▸ **What to do**: Using the data that follows, output only the lines from the line with "cherry by RaeSmith" up to and including the line with "Серебряные серьги с раухцитринами", exactly, leaving pictures aside.

▸ **Stored dataset items**:
== Segment start ==

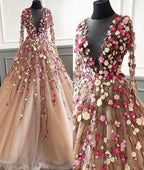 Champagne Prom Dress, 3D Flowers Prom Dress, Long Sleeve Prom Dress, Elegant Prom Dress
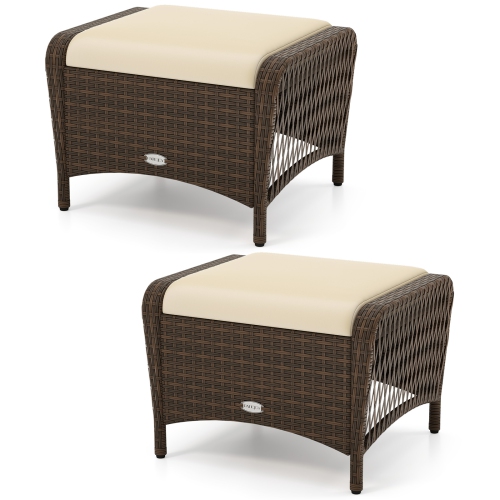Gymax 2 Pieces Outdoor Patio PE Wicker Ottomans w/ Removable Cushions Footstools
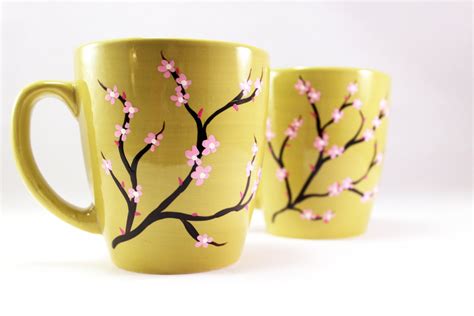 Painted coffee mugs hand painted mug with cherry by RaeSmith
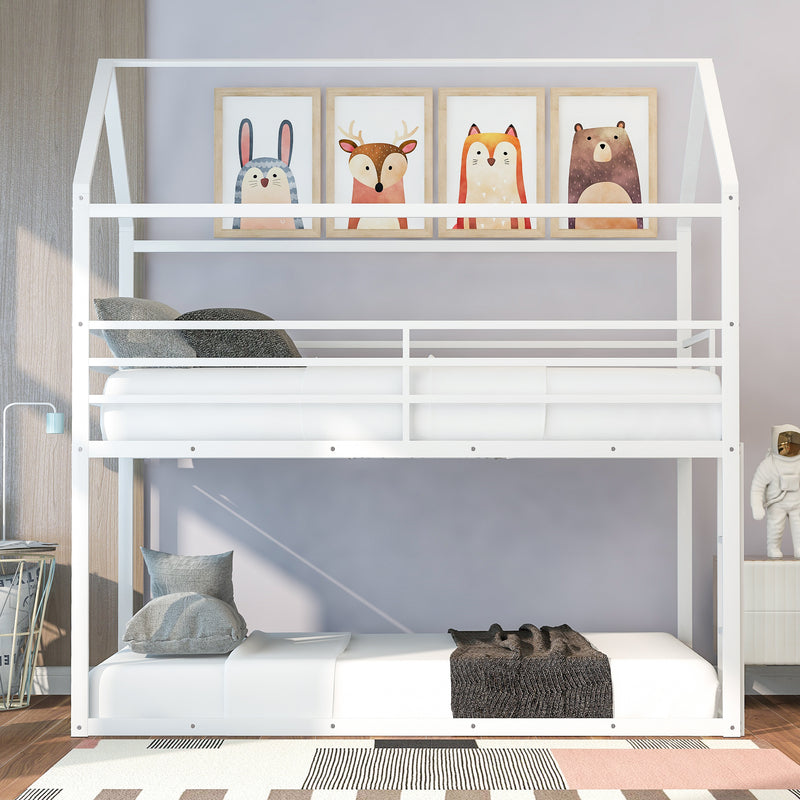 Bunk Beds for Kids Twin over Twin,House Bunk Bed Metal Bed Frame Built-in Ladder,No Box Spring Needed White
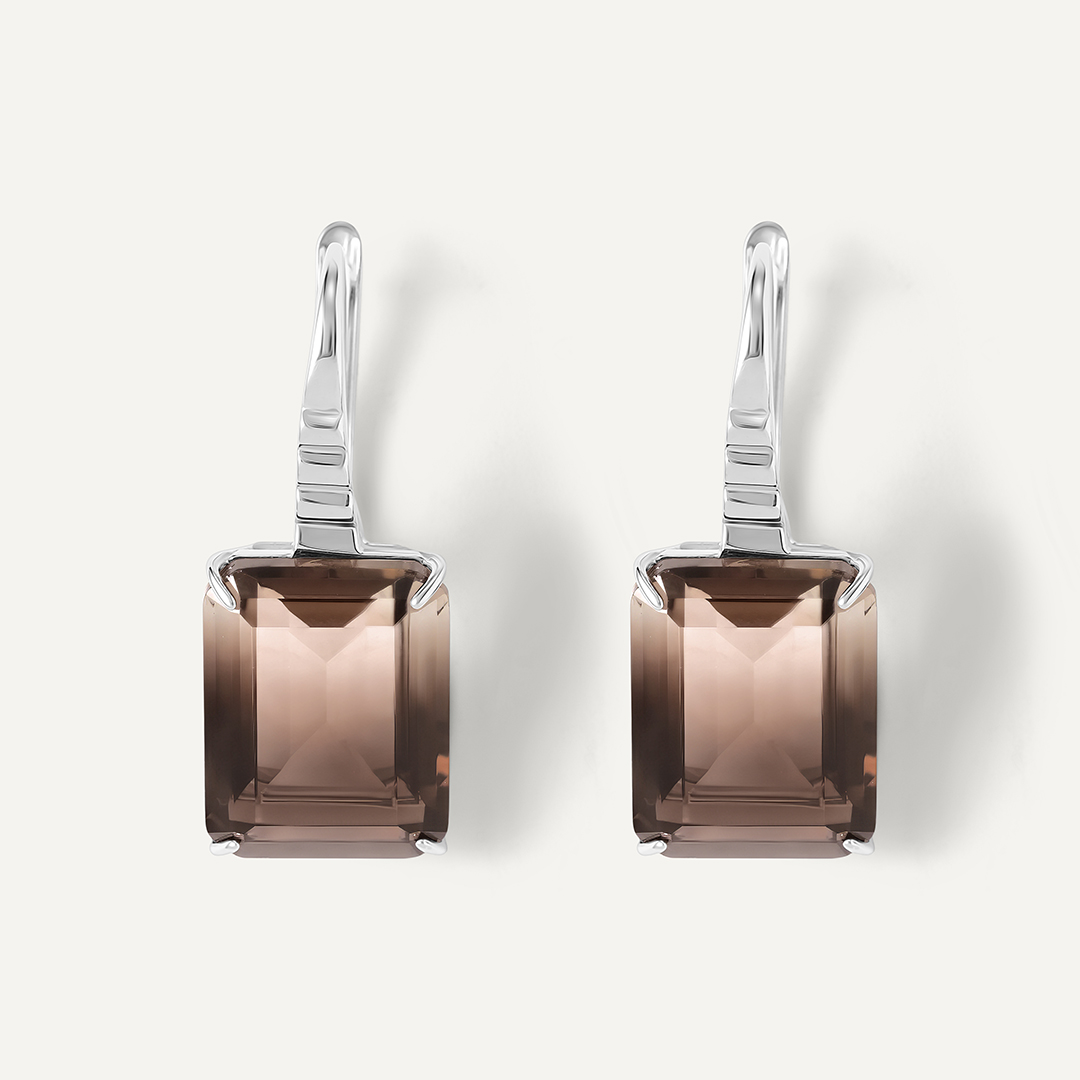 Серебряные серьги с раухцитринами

== Segment end ==
== Segment start ==

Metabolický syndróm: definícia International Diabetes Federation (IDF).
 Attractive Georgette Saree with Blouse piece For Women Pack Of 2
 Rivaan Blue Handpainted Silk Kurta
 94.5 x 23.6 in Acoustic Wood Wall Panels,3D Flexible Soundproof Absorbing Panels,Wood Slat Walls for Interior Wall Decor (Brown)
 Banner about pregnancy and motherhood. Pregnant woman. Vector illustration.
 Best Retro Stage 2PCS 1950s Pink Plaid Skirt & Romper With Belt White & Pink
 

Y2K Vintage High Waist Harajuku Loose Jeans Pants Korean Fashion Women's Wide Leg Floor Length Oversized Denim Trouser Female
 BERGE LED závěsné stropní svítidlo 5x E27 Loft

== Segment end ==
== Segment start ==

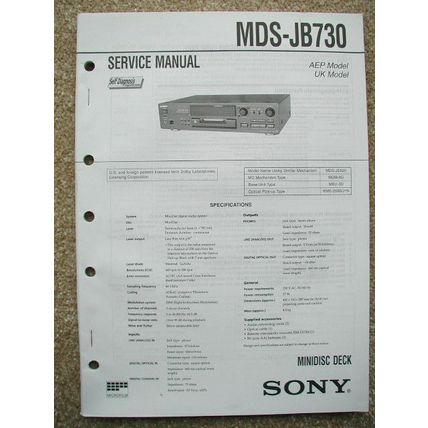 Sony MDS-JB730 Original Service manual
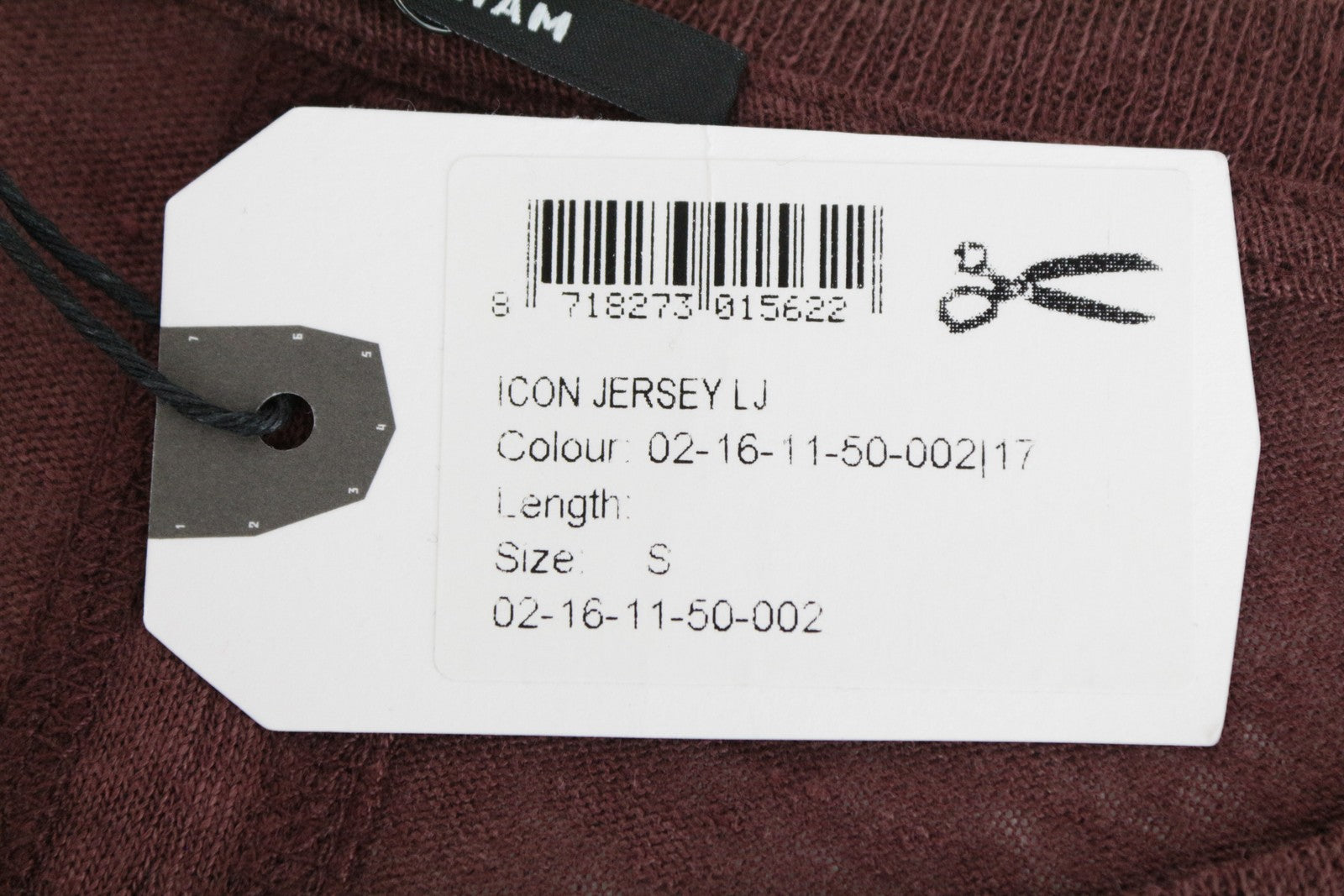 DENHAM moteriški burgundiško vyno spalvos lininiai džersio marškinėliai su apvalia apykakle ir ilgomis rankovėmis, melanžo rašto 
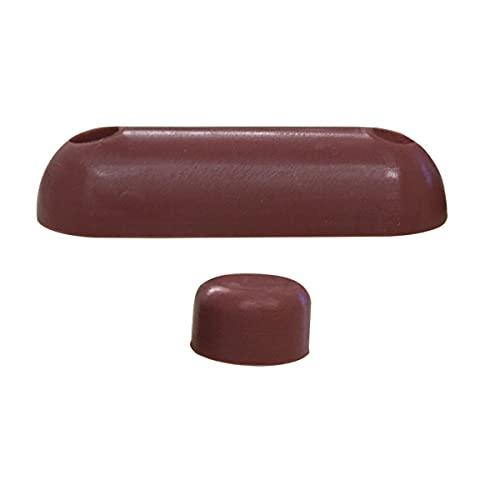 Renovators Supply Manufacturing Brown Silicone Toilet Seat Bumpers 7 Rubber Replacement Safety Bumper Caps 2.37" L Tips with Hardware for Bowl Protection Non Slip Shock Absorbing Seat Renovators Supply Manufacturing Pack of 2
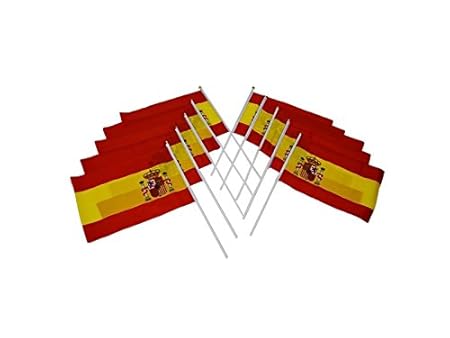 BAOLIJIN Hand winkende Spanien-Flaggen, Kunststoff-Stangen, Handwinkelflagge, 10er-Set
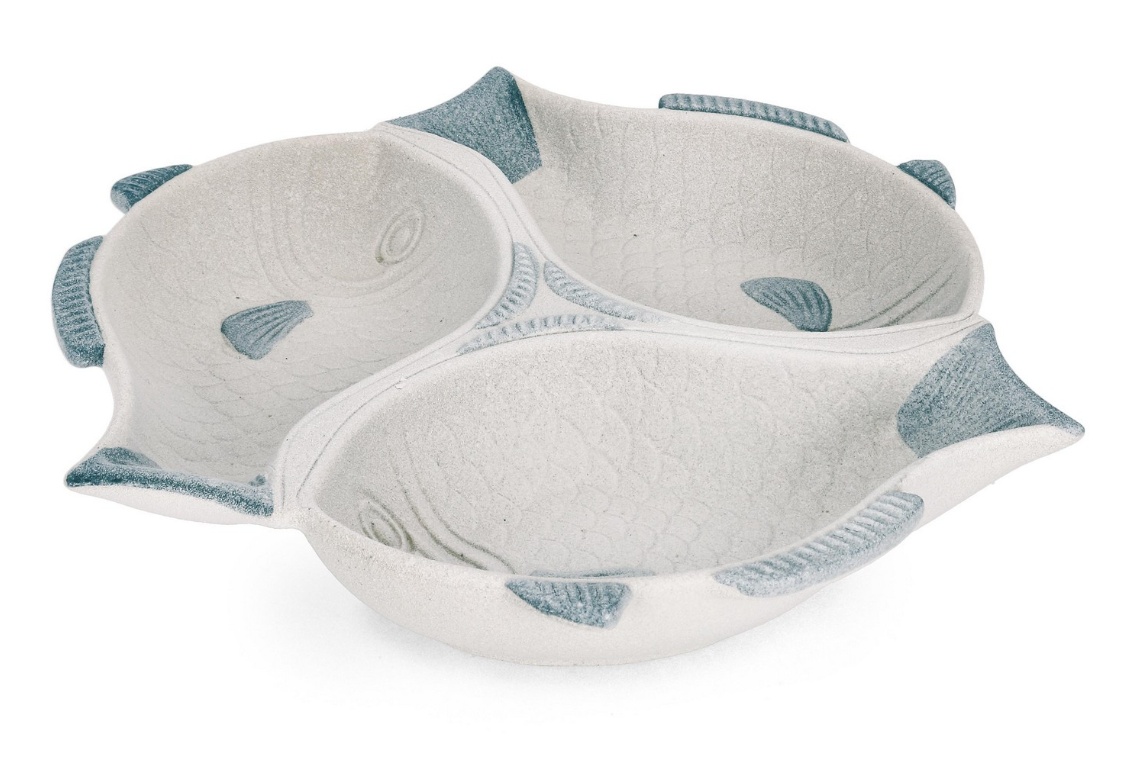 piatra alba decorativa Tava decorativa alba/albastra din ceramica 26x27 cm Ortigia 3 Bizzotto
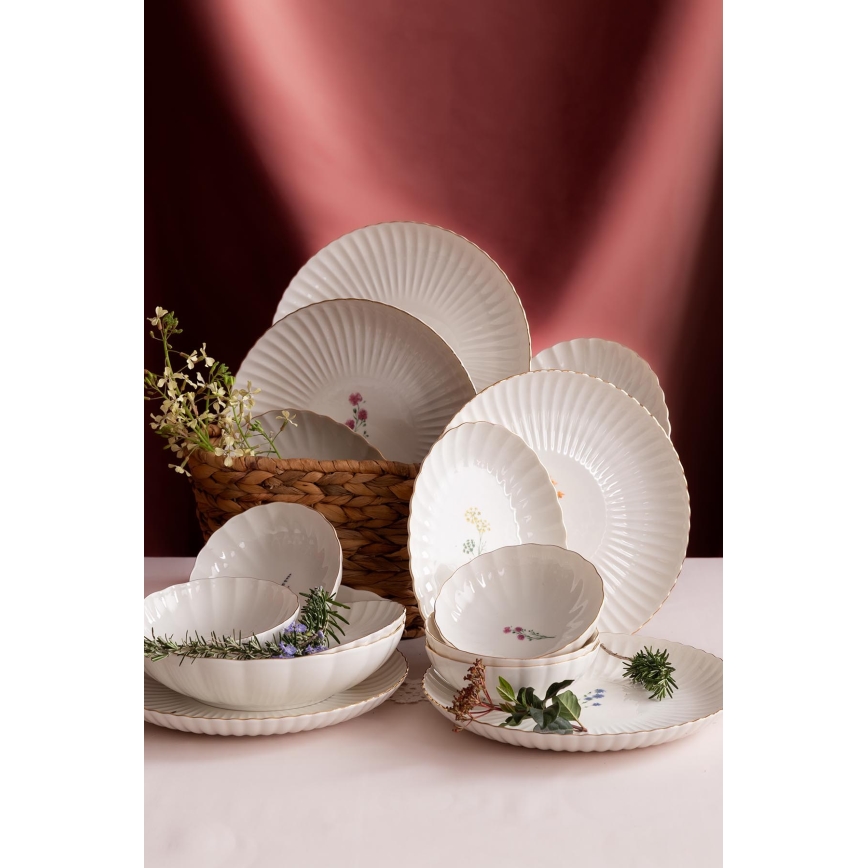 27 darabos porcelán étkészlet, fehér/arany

== Segment end ==

▸ **Solution to this exercise**:
 Painted coffee mugs hand painted mug with cherry by RaeSmith
 Bunk Beds for Kids Twin over Twin,House Bunk Bed Metal Bed Frame Built-in Ladder,No Box Spring Needed White
 Серебряные серьги с раухцитринами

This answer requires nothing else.